So I’ve never been to Disneyland. Or Disneyworld.
We just never went when I was younger. We had our own little theme park in our neck of the woods of eastern Washington, and that was perfectly alright with us. My brother and I would get free tickets in the summer if we read the right number of books, however, tickets at Silverwood used to be only around $30 per person anyway. And as it was a four-hour drive, it was definitely more of a commitment than a day trip, but far less of one than Disneyland.
Which is why I’ve never been to Disneyland. We just never had a reason to visit Southern California. Plus, tickets were so expensive. My parents talked about it, but by the time it was actually feasible, my brother and I were in our teens, and we had sports camps and classes in the summer. There was just no time to go. So we didn’t.
But today, I’m going to Disneyland for the first time. At age 25. I can’t say I’m as excited as I’d be if I were 5, 10, or even 15. But I’m still mildly enthused. I’m curious to see if Disneyland is still at all magical to someone who has no nostalgic memories of going as a kid, and no child to bring with in order to bask in their wonderment.
I mean, as a kid, it was easy to forget about the lines and wait times until you were actually in them, and about how long the drive was, and how much walking and standing there’d be. As an adult, that’s pretty much all I can think about.
“We’ll have to get up early and leave by 7 a.m. to beat the traffic.”
“I’ll have to wear comfortable shoes so standing in line isn’t as bad.”
“We should probably bring snacks because park food is so expensive.”
Waking up would be no problem at age 5 or 10. In the single-digit ages, I’d almost surely spring out of bed, like it was Christmas morning — that is, if I’d ever actually fallen asleep in the first place. The excitement might have been too much. But it wouldn’t have mattered anyway. Long car rides are like Ambien for children.

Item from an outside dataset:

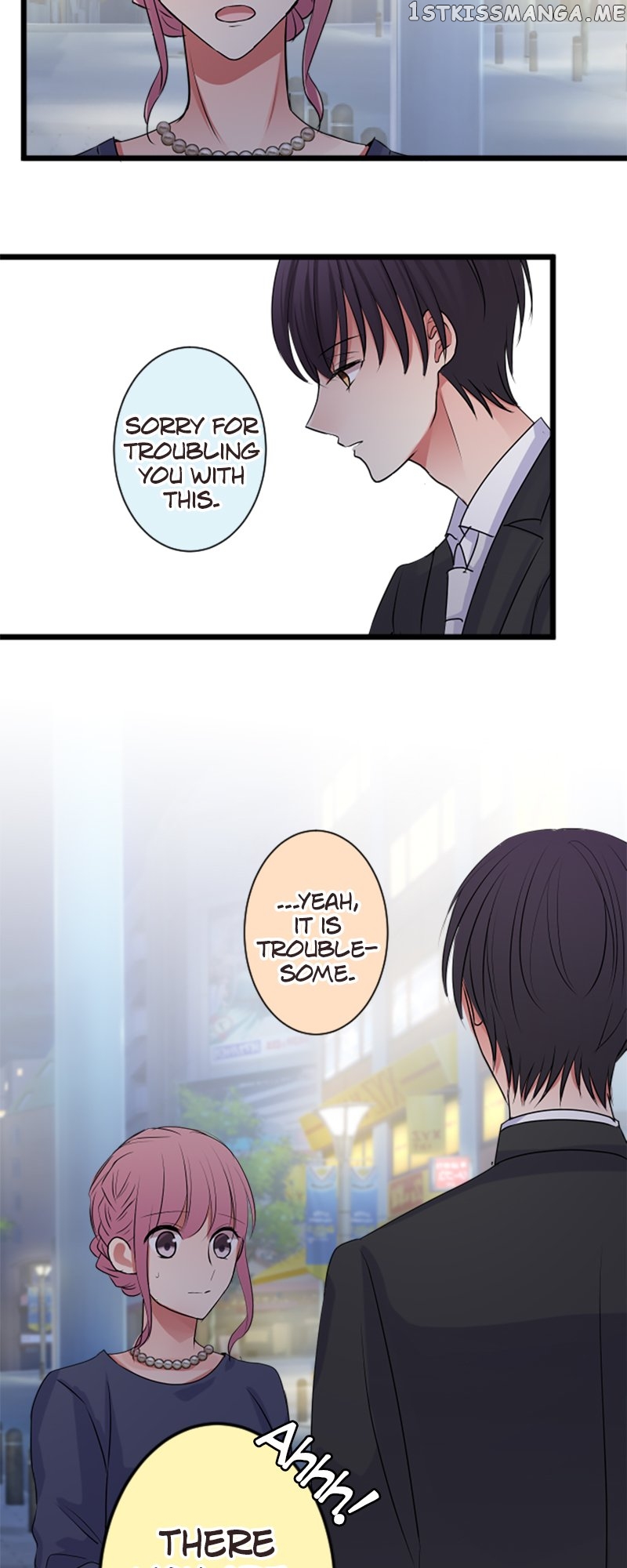 Next to You ~The Story of a Couple with a Huge Age Difference~ Chapter 95 - page 2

The combination of constant motion and boredom in a car still has the power to knock me out under the right circumstances. At 15, it would have been more of a dragging out of bed instead of a spring. Waking up is not something I’m too worried about now – I can wake up at 6 a.m. to go to the gym; clearly that fun factor is far below Disneyland’s.
Shoes, now too, are a serious consideration. At age 5, I’d probably opt to wear some light-up sneakers, no matter the comfort level. At 10, maybe some jelly sandals, just the same as all my friends wore, and at 15, probably some flip flops, worn with total disregard for anything my parents told me (“Those aren’t smart shoes,” – Dad), because ugh, sock tan lines are the worst when you’re 15.

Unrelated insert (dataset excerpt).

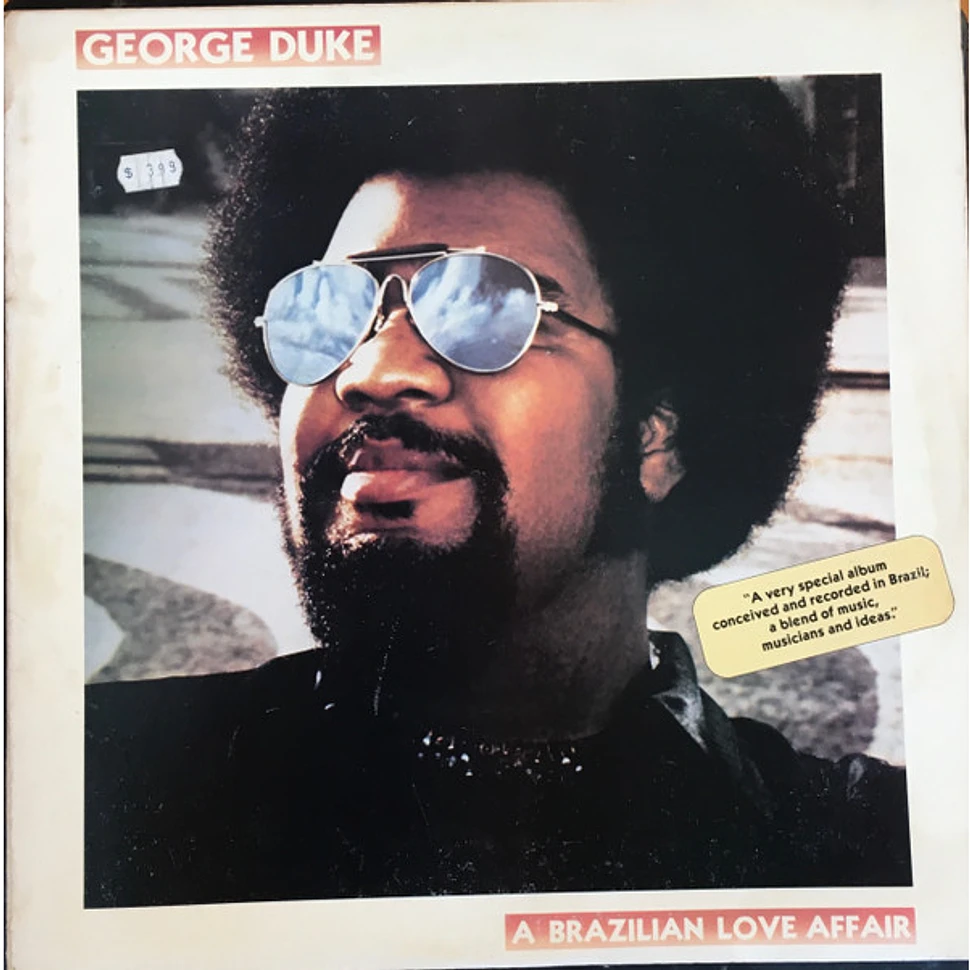 George Duke - A Brazilian Love Affair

I’ll probably opt for Teva sandals now at 25, because comfort is important, tan lines are not, and I’d rather not walk around in soggy shoes if we encounter a water ride (do they even have those?)
And food? Ha! Like I’d even remember to eat at 5 or 10…until I started to crash mid-afternoon, my tiny, grumpy self sending a clear signal to my parents that energy was running low, despite my insistence that we embark on yet another ride. My parents would have thought this one out, and had some Cheez-Its or pretzels in that giant, five-pound bag from Costco on hand. But of course, I wouldn’t have settled for that. We’re in Disneyland! Only Disneyland food would have been good enough to quench my 5-year-old hunger.
By the time you read this column, I’m probably standing in line, right now, in awe at a $15 basket of French fries, while contemplating an $18 salad over a $20 sandwich. Kid Me wouldn’t have trouble with this. Salad would have been ruled out immediately, and those numbers next to the cheeseburger would have seemed so small to me – I’d be more concerned about whether or not it came with pickles and onions, and if so, is there any way it could NOT come with those?
No wonder we never went to Disneyland.